Infantile spasms in early-onset NiemannPick disease with a novel compound heterozygous mutations in SMPD1 gene – New Horizons in Translational Medicine
Niemann–Pick diseases are a group of rare autosomal recessive disorders caused by an inherited deficiency of lysosomal storage with similar clinical presentations. At least three different Niemann–Pick (NP) diseases have been described, with NPA and NPB occurring as a result of a deficiency of the acid sphingomyelinase (ASM) enzyme, while NPC as a disorder that cause misregulation in cholesterol and lipids turnover, causing their accumulation in various tissues, including brain. The resulting phenotypic spectrum ranges from a severe infantile type with neurologic degeneration and death, usually by 3 years of age (NPA), to a non-neurologic adult onset form compatible with survival into adulthood (NPB) and a neurovisceral disorder with symptoms that occur at different times and progress independently (NPC).
Here, we report on an Italian child born from non-consanguineous healthy parents, with a negative family history, who developed infantile spasms at the age of 5 months and clinical signs of potential storage disease.
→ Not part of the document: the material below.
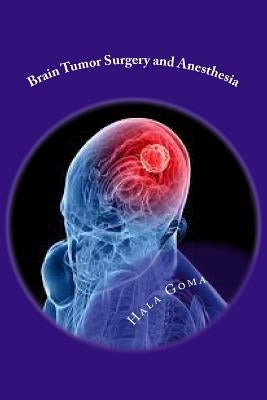 Brain Tumor Surgery and Anesthesia by Goma, Hala Mostafa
The genetic screening, performed by means of whole exome sequencing, revealed compound heterozygous mutations in the Sphingomyelin Phosphodiesterase 1 gene (SMPD1), comprising both a homozygous polymorphism (p.V36A) in exon 1 and a new frameshift heterozygous deletion (c.1187delT) in exon 3 generating a premature stop (TAA) at codon 424 (p.L395fsX29).
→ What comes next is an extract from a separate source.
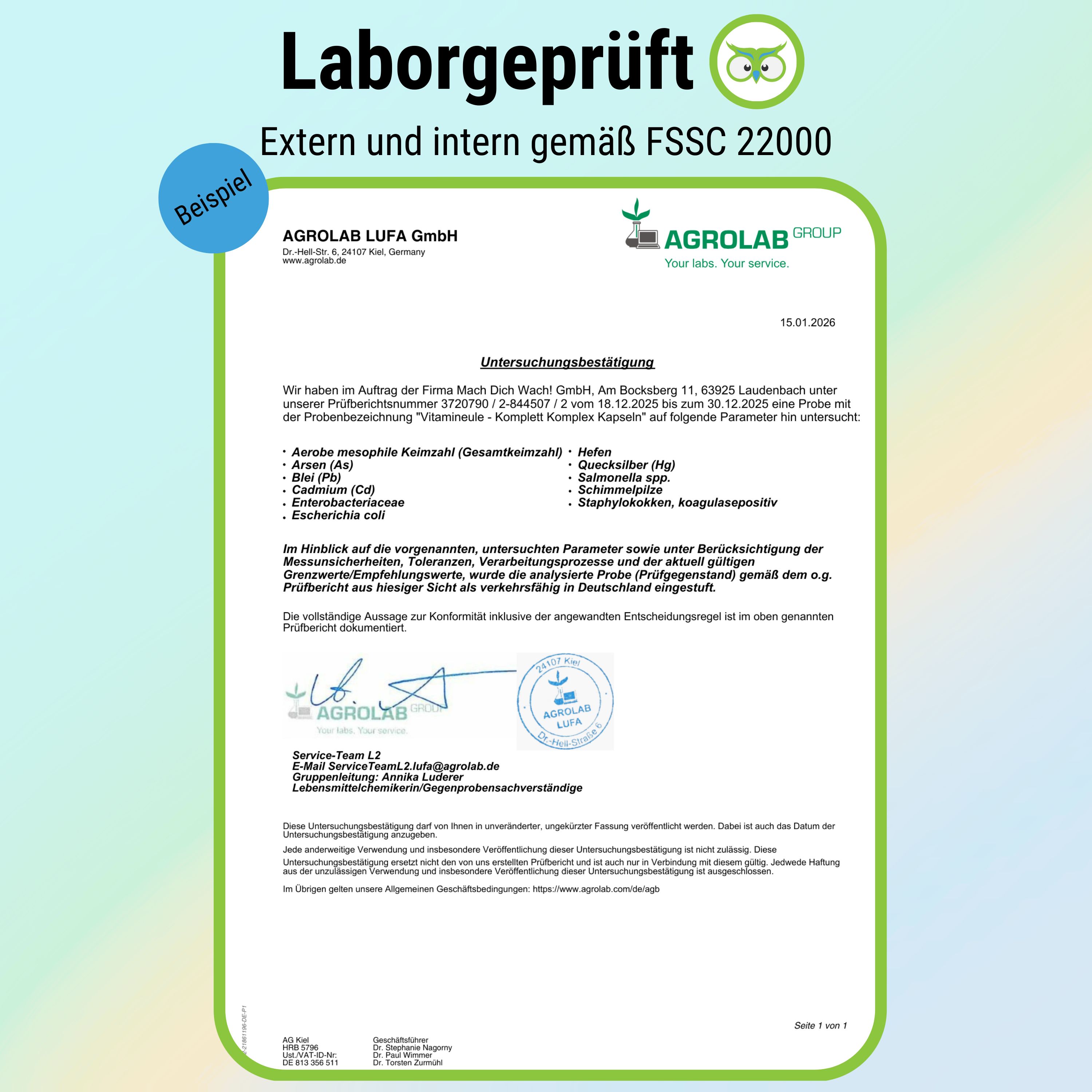 Laborbericht von AGROLAB LUFA GmbH. Untersucht auf Schwermetalle, Mykotoxine, Pestizide, etc. Bestätigung der Konformität gemäß FSSC 22000.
This result appears to corroborate the phenotypic heterogeneity of the symptoms and suggests a correlation between the presence of a truncated SMPD1 polypeptide and the very early onset of the disease.
- Benchside: The comprehension of genotype–phenotype correlations in patients affected by Niemann–Pick disease will accelerate the accuracy of the diagnosis and permit to ameliorate patient follow-up.
- Bedside: The coexistence of a homozygous polymorphism and of a new heterozygous frameshift deletion in exon 3 of the SMPD1 gene reveals the presence of infantile spasms, not previously related to mutations in SMPD1 gene. Elucidating the mechanisms associated to this altered gene product could open novel approaches in therapy.